Depois do herói de acção comum, que, ao contrário do herói de acção musculoso e fascizante que marcou os anos 80, era apenas um tipo de boas intenções que estava no local errado à hora errada (e que, mesmo que não tenha sido o primeiro, foi cristalizado pelo John McClane, de Bruce Willis, no Assalto ao Arranha-Céus), eis que nos chega a superação do homem ordinário. Nos últimos anos tem-se desenvolvido uma nova tendência no filme biográfico, com uma série de biopics de heróis comuns (tal e qual esses heróis de acção dos anos 90), que acaba por rimar de certa forma com outra tendência forte de Hollywood, a do thriller auto-depreciativo.

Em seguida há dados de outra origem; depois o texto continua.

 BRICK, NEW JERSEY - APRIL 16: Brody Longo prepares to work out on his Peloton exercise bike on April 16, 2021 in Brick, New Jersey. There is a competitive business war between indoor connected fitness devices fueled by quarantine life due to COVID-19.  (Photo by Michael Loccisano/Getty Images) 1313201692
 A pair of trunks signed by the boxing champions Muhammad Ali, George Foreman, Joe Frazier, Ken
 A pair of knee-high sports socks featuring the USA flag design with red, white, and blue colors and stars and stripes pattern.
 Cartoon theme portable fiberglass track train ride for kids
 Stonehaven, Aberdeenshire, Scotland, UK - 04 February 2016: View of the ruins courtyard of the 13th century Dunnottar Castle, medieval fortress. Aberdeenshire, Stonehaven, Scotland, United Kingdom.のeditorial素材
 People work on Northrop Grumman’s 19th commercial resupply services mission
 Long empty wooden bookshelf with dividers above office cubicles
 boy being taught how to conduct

Estamos a falar de biografias de tipos com quem nos é fácil de identificar e que, sem terem nenhum talento específico e especial, conseguiram vencer e sobressair na vida, especialmente graças ao seu trabalho duro e determinação de ferro. E sorte, claro, mas normalmente essa parte fica de fora do filme. No fundo, é um tema bem antigo no cinema norte-americano – o do underdog -, que não é mais do que um reflexo do sonho norte-americano, que recebe agora uma nova embalagem. E esse frenesim por histórias de homens banais que se excederam tem feito a que se façam biopics de tudo e mais alguma coisa. Só neste último par de meses vimos aparecer biografias sobre os criadores do Blackberry, o gajo responsável por contratar o Michael Jordan na Nike e, consequentemente, criar os Air Jordan, o tipo que jogava flippers nas horas e que foi responsável por terminar com o banimento de décadas dessas máquinas em vários estados norte-americanos e, agora, uma sobre o inventor dos… Cheetos picantes(!).

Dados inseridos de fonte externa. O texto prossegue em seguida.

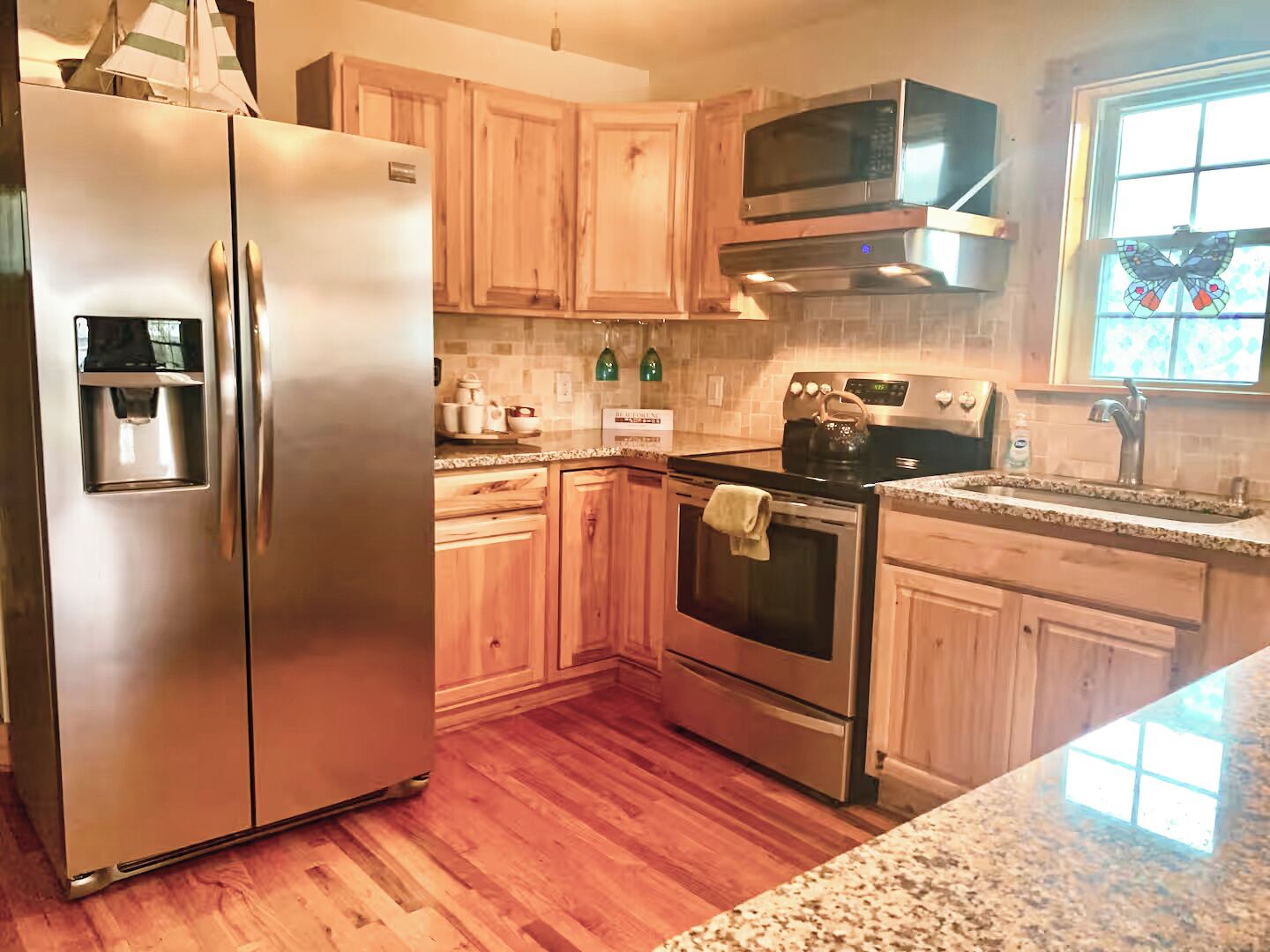 A kitchen with wooden cabinets, stainless steel appliances, a microwave, and a window with a butterfly decoration.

Dito assim parece ser algo para não levar a sério. Cheetos picantes, a sério? Isso dá para uma história? Depois vemos o filme e percebemos melhor. Richard Montañez (interpretado por Jesse Garcia) era um contínuo mexicano na fábrica da Pepsico, que apareceu com a ideia de uma nova estratégia que apelasse à comunidade latina a viver nos Estados Unidos. Há aqui a habitual história do underdog (Montañez vinha da rua e das gangues, não tinha educação formal…) e há a perspectiva de classe, com uma história de superação contada a partir de um ponto de vista não-branco, que abre a porta à representatividade. E, no entanto, continua a ser um filme sobre Cheetos picantes…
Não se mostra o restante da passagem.